Collected data:
▼
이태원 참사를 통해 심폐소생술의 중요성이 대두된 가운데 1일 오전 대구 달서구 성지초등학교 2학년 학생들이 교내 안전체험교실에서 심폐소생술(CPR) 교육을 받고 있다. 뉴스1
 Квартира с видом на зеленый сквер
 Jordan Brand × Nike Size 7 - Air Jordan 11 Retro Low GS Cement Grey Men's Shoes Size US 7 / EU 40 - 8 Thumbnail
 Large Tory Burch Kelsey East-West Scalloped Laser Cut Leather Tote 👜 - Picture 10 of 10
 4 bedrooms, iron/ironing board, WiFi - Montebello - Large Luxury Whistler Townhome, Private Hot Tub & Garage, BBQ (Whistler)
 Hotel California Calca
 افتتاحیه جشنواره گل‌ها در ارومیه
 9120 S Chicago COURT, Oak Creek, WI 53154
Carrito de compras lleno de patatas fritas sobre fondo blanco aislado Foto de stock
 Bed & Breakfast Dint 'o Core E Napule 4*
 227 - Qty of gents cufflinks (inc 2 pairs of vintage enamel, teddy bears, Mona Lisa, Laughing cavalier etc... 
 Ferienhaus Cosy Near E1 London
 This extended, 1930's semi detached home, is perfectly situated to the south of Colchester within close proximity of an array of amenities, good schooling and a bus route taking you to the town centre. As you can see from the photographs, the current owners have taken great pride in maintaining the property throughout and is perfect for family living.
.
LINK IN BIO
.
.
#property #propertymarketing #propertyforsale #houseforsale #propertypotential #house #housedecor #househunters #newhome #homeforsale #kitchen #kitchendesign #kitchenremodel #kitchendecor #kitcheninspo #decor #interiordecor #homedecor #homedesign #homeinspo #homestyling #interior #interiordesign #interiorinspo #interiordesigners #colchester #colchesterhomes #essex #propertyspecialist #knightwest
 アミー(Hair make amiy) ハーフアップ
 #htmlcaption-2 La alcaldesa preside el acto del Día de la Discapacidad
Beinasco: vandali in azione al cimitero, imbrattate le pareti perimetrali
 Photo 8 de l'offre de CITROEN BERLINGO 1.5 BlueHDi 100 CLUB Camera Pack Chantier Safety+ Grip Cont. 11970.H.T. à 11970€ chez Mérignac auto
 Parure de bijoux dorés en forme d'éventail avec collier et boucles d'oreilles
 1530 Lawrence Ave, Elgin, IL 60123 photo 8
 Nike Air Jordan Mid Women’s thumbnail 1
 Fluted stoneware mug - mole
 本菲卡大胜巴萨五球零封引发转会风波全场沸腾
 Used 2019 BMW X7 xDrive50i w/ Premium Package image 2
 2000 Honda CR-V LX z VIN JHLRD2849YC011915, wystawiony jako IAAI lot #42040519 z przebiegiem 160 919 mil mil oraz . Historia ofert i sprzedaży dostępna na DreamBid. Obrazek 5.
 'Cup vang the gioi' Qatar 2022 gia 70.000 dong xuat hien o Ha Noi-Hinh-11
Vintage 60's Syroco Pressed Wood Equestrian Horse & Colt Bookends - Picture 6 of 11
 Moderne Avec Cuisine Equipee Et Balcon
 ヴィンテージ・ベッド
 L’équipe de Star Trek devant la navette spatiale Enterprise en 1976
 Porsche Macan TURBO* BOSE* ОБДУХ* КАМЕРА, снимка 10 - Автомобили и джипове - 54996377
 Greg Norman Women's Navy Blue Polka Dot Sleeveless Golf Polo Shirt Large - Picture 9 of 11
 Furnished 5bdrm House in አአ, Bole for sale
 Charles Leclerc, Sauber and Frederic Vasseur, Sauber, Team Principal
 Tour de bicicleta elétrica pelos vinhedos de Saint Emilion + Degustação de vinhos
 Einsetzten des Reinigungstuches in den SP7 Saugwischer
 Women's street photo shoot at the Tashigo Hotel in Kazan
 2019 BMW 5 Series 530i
▲
**What to produce:** Reproduce verbatim only the lines from the one holding "Einsetzten des Reinigungstuches" through the end of the records.

**Your response:**
 Einsetzten des Reinigungstuches in den SP7 Saugwischer
 Women's street photo shoot at the Tashigo Hotel in Kazan
 2019 BMW 5 Series 530i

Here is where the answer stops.